Norwegian extremist Anders Behring Breivik has admitted conducting the shooting rampage on Utoya that has killed 69 people and setting off a bomb in central Oslo that killed eight.
The death toll increased as Norway began burying the dead, a week after the anti-Muslim extremist's attack.
An 18-year-old Muslim girl was the first victim to be laid to rest. After a funeral service in the Nesodden church outside Oslo, Bano Rashid - a Kurdish immigrant from Iraq - was buried in a Muslim rite.
The attack will "not destroy Norway's commitment to democracy, tolerance and fighting racism", Labour Party youth-wing leader Eskil Pedersen said at a memorial service in the capital.
Pedersen, who was on the island retreat of Utoya when the gunman's attack began, said: "Long before he stands before a court we can say: he has lost."
He said the youth organisation would return to Utoya next year for its annual summer gathering, a tradition that stretches back decades.
Police said all those killed in the July 22 terror attacks in Oslo and on Utoya have now been identified and those reported missing have been accounted for.
Norway's Police Security Service said the threat from right-wing extremists remains unchanged after Breivik's attack.
It said the 32-year-old's actions lack parallels in Europe or elsewhere, his views differ from the ideology of most racist and neo-Nazi groups, and very few people in Norway are capable of replicating what he did.
At today's memorial service in Oslo at the assembly hall of the 'People's House', a community centre for Norway's labour movement, Prime Minister Jens Stoltenberg said: "Today it is one week since Norway was hit by evil."
The bullets struck dozens of members of the youth faction of his Labour Party, but they were aimed at the entire nation, Stoltenberg said, on a stage adorned with red roses, the symbol of his party.
"I think July 22 will be a very strong symbol of the Norwegian people's wish to be united in our fight against violence, and will be a symbol of how the nation can answer with love," he told reporters.
Members of the audience raised bouquets of flowers as each speaker took the stage, and some of them fought back tears as they spoke.
Later, Stoltenberg spoke at a Muslim memorial service in Gronland, an immigrant neighbourhood in Oslo.

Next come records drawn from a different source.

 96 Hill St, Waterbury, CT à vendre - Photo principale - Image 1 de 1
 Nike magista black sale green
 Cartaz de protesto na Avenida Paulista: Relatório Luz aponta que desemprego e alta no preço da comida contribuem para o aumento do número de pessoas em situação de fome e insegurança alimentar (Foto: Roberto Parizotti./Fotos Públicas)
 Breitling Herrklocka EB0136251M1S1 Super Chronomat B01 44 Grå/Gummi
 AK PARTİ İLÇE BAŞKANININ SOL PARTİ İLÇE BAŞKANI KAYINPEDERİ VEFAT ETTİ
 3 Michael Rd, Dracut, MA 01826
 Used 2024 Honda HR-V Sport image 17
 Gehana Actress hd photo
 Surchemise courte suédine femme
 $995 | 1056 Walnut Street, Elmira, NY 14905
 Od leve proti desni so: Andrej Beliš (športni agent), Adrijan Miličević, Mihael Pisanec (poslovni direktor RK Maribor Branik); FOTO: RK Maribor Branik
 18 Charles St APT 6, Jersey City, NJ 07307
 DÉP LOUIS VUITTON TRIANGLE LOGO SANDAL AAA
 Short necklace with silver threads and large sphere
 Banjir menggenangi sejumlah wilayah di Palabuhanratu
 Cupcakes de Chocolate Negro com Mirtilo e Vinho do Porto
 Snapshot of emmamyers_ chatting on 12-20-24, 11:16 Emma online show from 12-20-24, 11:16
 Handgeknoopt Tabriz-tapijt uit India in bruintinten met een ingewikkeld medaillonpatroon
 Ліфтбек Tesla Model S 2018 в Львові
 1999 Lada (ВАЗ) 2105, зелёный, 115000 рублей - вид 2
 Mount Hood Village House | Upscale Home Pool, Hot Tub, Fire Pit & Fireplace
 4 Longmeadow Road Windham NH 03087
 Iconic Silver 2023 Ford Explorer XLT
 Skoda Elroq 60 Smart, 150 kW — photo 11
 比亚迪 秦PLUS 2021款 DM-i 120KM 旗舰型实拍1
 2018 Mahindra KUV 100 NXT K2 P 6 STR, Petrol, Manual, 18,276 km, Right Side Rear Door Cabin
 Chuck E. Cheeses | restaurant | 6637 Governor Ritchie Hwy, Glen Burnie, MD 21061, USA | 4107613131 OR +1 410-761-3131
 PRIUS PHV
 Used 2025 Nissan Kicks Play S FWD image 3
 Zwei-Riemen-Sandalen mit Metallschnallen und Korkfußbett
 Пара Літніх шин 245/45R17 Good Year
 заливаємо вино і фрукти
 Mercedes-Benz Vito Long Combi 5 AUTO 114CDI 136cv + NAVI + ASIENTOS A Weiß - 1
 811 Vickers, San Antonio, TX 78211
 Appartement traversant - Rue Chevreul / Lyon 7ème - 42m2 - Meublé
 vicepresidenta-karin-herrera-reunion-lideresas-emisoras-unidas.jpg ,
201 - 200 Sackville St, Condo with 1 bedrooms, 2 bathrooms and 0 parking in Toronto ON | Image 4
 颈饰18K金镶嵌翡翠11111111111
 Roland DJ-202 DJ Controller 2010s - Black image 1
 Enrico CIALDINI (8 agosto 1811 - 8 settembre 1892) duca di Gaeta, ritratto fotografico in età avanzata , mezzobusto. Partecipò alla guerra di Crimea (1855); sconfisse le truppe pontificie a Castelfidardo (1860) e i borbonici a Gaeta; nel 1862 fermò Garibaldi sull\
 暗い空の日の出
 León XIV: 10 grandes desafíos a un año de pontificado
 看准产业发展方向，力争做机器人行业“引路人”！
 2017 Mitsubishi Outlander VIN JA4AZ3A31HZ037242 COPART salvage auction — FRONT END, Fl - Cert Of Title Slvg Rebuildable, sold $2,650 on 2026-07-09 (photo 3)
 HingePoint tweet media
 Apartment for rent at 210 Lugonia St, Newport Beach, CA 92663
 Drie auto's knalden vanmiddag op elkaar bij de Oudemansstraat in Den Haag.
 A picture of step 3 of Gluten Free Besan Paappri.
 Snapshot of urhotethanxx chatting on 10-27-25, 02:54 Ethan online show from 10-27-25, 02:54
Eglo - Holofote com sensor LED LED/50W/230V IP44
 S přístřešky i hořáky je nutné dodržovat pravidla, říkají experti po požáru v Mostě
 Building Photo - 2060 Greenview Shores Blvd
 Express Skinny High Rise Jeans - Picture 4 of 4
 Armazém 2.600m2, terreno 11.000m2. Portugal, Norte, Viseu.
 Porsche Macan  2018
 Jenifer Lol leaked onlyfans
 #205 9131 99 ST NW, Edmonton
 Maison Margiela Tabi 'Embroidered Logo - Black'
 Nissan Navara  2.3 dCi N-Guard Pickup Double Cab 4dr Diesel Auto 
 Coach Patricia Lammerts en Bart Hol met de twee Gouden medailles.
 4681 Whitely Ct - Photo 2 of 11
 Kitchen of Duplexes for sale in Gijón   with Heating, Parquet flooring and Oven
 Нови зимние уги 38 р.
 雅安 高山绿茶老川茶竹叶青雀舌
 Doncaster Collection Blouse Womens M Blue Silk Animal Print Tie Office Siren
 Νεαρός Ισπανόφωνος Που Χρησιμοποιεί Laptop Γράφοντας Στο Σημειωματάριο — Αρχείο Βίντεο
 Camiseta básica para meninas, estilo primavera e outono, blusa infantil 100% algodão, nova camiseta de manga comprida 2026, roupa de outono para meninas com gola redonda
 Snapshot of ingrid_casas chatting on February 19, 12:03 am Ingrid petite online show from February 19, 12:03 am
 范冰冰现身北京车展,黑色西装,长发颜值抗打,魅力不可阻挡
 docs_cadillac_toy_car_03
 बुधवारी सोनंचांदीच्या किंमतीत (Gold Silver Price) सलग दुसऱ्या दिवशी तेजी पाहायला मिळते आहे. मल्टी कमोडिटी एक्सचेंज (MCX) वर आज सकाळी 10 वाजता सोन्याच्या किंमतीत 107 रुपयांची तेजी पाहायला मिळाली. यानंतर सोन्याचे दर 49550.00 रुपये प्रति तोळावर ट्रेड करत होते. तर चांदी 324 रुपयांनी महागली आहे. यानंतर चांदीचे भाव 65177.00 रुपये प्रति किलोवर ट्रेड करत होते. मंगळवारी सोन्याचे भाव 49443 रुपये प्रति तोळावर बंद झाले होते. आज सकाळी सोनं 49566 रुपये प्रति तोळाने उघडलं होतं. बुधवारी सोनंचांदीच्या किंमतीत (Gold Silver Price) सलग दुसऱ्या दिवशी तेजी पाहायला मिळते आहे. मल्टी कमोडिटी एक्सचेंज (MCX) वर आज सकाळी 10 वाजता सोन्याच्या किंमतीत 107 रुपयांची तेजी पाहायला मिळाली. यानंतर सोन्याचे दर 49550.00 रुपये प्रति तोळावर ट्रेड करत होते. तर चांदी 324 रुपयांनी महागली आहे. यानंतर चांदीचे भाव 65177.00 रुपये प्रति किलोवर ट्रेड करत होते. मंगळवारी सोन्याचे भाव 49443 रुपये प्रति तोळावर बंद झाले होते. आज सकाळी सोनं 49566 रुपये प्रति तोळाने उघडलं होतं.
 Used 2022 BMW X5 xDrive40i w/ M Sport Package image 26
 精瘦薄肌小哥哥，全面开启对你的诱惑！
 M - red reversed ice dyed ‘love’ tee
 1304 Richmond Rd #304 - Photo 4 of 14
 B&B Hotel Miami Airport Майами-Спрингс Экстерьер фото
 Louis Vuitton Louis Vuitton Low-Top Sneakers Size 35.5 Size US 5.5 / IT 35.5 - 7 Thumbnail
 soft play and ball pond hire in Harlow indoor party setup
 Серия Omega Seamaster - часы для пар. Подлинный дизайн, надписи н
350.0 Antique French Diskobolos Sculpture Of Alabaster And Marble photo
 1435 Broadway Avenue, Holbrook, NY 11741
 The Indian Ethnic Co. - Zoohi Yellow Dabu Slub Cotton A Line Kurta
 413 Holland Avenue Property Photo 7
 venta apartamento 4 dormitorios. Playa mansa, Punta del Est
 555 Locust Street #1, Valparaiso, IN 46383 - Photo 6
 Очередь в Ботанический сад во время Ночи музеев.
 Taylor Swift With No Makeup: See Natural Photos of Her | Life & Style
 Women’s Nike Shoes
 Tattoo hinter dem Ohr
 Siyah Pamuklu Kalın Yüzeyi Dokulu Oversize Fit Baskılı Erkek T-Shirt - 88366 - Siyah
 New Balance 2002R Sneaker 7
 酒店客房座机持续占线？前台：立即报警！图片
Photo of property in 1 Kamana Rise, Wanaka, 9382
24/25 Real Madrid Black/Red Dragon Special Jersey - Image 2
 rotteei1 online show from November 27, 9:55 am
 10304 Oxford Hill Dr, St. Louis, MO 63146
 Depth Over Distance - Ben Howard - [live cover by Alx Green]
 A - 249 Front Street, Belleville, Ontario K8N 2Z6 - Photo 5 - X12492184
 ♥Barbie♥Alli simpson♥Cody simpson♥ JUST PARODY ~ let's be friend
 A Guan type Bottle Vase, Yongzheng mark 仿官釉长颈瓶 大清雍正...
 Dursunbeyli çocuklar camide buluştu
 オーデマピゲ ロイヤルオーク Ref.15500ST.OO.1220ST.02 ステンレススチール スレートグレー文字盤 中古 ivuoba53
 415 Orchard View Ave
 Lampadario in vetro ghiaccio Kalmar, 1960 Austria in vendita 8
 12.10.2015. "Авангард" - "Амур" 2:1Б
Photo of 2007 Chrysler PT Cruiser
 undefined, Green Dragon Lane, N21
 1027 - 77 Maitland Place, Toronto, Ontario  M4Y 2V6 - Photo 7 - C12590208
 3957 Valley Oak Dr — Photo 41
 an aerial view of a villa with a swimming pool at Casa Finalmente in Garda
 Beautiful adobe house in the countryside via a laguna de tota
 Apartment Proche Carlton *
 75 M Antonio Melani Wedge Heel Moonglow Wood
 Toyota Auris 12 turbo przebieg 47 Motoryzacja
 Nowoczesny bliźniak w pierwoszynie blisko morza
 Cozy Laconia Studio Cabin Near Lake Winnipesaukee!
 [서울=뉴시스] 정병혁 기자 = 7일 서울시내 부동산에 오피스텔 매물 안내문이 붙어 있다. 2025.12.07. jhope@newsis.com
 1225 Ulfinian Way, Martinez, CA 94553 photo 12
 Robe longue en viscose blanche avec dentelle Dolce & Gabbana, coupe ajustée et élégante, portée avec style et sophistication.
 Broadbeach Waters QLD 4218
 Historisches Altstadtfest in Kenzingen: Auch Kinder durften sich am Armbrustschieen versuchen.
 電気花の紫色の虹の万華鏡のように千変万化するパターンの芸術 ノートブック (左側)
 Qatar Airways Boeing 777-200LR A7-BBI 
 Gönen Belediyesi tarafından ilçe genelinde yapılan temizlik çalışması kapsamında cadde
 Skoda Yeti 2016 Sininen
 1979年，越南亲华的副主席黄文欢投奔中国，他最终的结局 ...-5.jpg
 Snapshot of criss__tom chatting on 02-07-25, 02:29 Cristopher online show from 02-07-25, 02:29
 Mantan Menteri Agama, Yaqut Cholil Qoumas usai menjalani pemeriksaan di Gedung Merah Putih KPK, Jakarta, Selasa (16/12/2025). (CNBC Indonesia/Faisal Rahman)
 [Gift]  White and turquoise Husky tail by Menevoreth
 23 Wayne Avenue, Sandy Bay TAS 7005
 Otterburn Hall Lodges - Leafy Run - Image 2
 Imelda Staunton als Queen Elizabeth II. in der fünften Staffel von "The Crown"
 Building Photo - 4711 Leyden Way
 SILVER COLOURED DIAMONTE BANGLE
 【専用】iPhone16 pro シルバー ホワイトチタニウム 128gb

The prime minister called for unity across ethnic and religious lines, a message he has repeated many times since the attacks.
Breivik was questioned by police today for the second time since surrendering to an anti-terror squad on Utoya, where his victims lay strewn across the shore and in the water.
In a 1,500-page manifesto released just before the attacks, Breivik ranted about Europe being overrun by Muslim immigrants and blamed left-wing political forces for making the continent multicultural.
Police lawyer Paal-Fredrik Hjort Kraby said Breivik remained calm and co-operative during the questioning, during which investigators reviewed his statements from a session on Saturday.
Investigators believe Breivik acted alone, after years of meticulous planning, and have not found anything to support his claims that he is part of a network plotting attacks across Europe.
Breivik has confessed to both attacks but denies criminal guilt because he believes he is in a state of war, his lawyer and police have said.
Police have charged Breivik with terrorism, which carries a maximum sentence of 21 years in prison. But the charge could change to crimes against humanity, which carries a 30-year prison term, Norway's top prosecutor Tor-Aksel Busch said.
"Such charges will be considered when the entire police investigation has been finalised," he said. "It is an extensive investigation. We will charge Breivik for each individual killing."
Prosecutors can also seek a special sentence that would enable the court to keep Breivik in prison indefinitely. A formal indictment is not expected until next year, Busch said.